Let's transform the original inequality:
x(a - 2) / (a - 1) - 2x ≤ 2a/3 - a;
Ah/(a – 1) ≤ -a/3. Multiply by (-1) both parts of the inequality, we get:
ax/(a – 1) ≥ a/3. Let's explore the possible cases for the parameter a:
1 case. Let a/(a – 1) > 0 or a € (-∞; 0)ᴗ(1; +∞). Then x ≥ (а – 1)/3.
2nd case. Let a/(а – 1) = 0, i.e. a = 0. Then x is any real number.
3rd case. Let a/(а – 1)< 0 или а € (0; 1). Тогда x ≤ (а – 1)/3.
Answer: x € [(a - 1) / 3; +∞) for a € (-∞; 0)ᴗ(1; +∞);
x € [-∞; (a – 1)/3] for a € (0; 1);
x € R for a = 0.
Example 3
Solve the inequality |1 + x| ≤ ax with respect to x.
Solution.
It follows from the condition that the right side of the inequality ax must be non-negative, i.e. ax ≥ 0. By the modulo expansion rule, the inequality |1 + x| ≤ ax we have a double inequality
Ax ≤ 1 + x ≤ ax.

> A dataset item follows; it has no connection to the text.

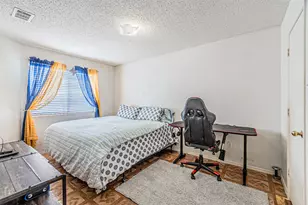 2355 Summit Ln, Dallas, TX 75227 - Photo 25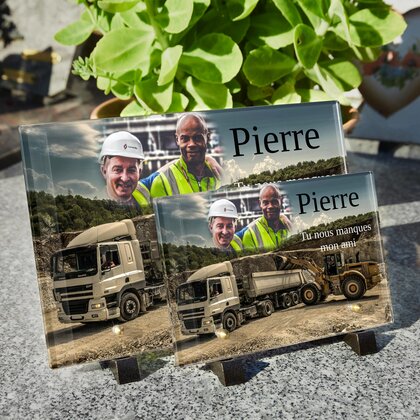 Plaque funéraire camion-chantier 2 plapuedacaes.com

We rewrite the result in the form of a system:
(ax ≥ 1 + x;
(-ax ≤ 1 + x.
Let's transform to the form:
((а – 1)x ≥ 1;
((a + 1)x ≥ -1.
We investigate the resulting system on intervals and at points (Fig. 1):
For a ≤ -1 x € (-∞; 1/(a - 1)].
At -1< а < 0 x € [-1/(а – 1); 1/(а – 1)].

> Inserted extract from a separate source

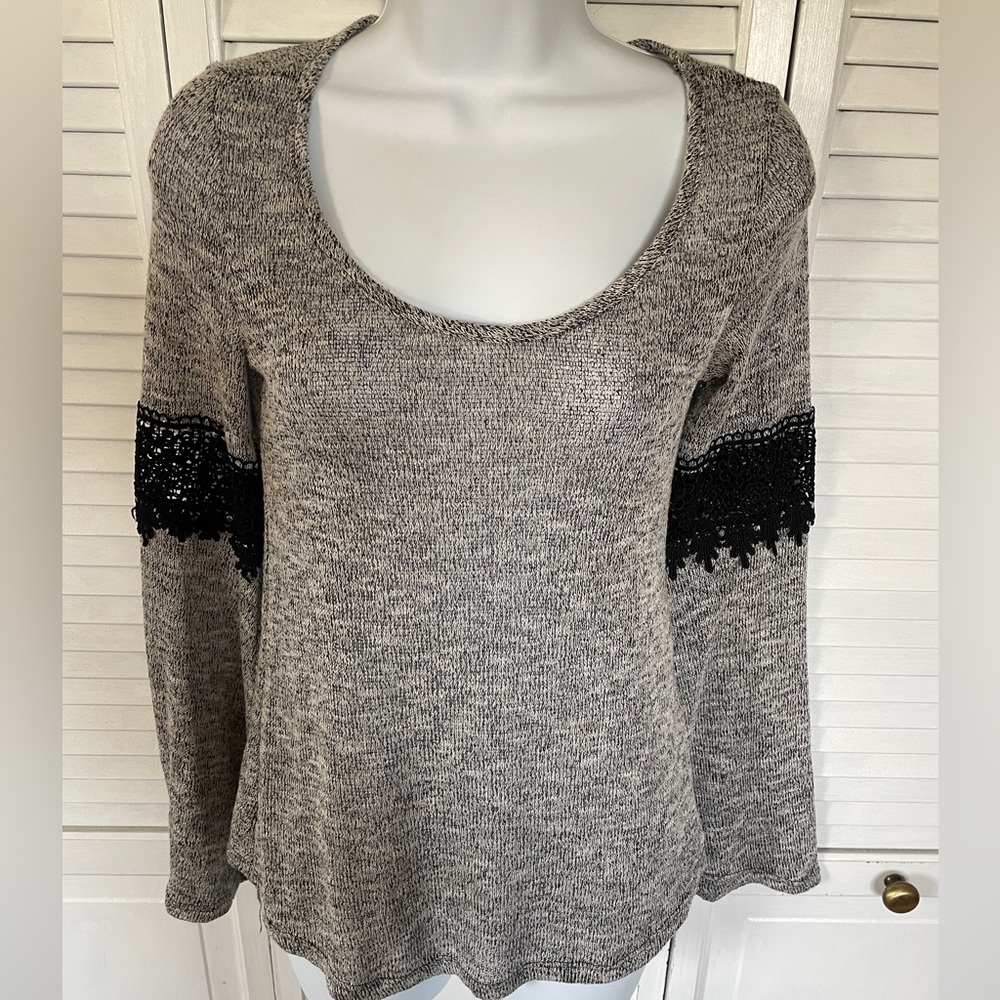 L.A. Hearts Gray & Black Sweater Lace Accent Medium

When a \u003d 0 x \u003d -1.
At 0< а ≤ 1 решений нет.
Graphical method for solving inequalities
Plotting greatly simplifies the solution of equations containing a parameter. The use of the graphical method in solving inequalities with a parameter is even clearer and more expedient.

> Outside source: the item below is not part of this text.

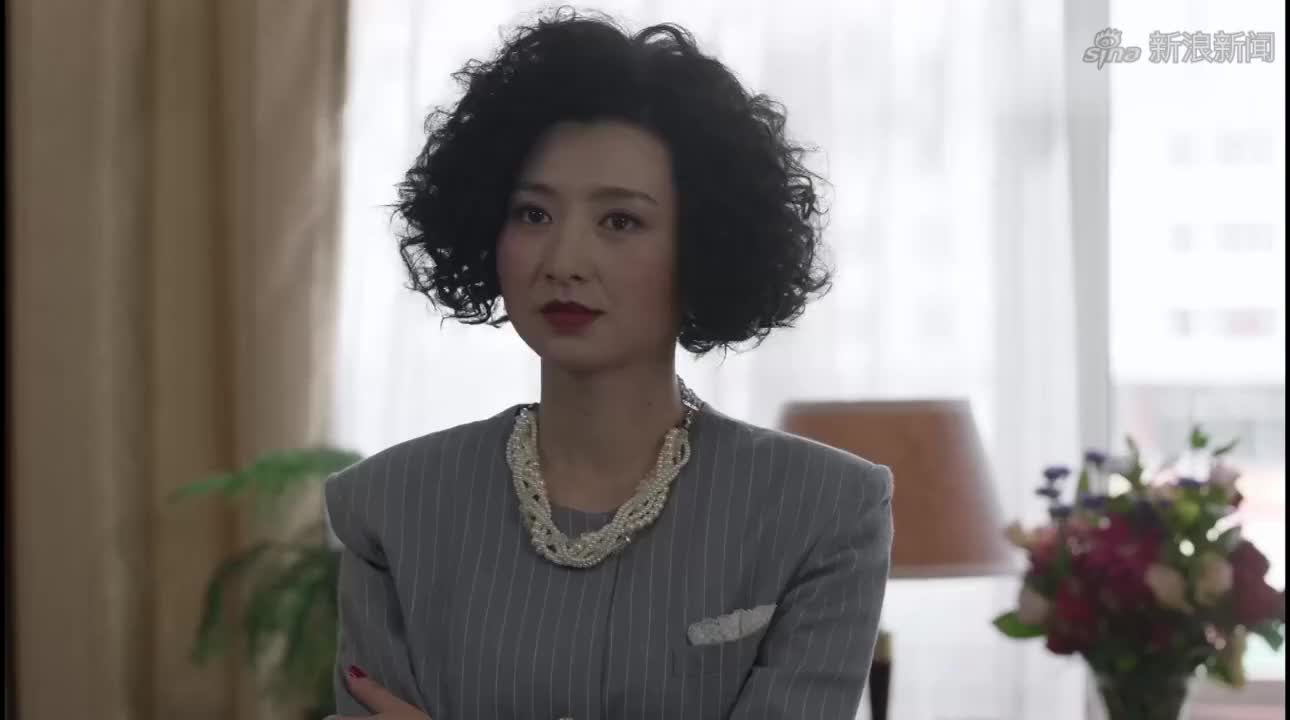 希望的大地:姑娘堵住一边,小伙在另一边点火,抓住一只大兔子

Graphical solution of inequalities of the form f(x) ≥ g(x) means finding the values of the variable x for which the graph of the function f(x) lies above the graph of the function g(x). To do this, it is always necessary to find the intersection points of the graphs (if they exist).
Example 1
Solve the inequality |x + 5|< bx.
Solution.
We build graphs of functions y = |x + 5| and y = bx (Fig. 2). The solution of the inequality will be those values of the variable x for which the graph of the function y = |x + 5| will be below the graph of the function y = bx.
The figure shows:
1) For b > 1, the lines intersect. The abscissa of the intersection point of the graphs of these functions is the solution of the equation x + 5 = bx, whence x = 5/(b - 1). The graph y \u003d bx is higher for x from the interval (5 / (b - 1); +∞), which means that this set is the solution to the inequality.
2) Similarly, we find that at -1< b < 0 решением является х из интервала (-5/(b + 1); 5/(b – 1)).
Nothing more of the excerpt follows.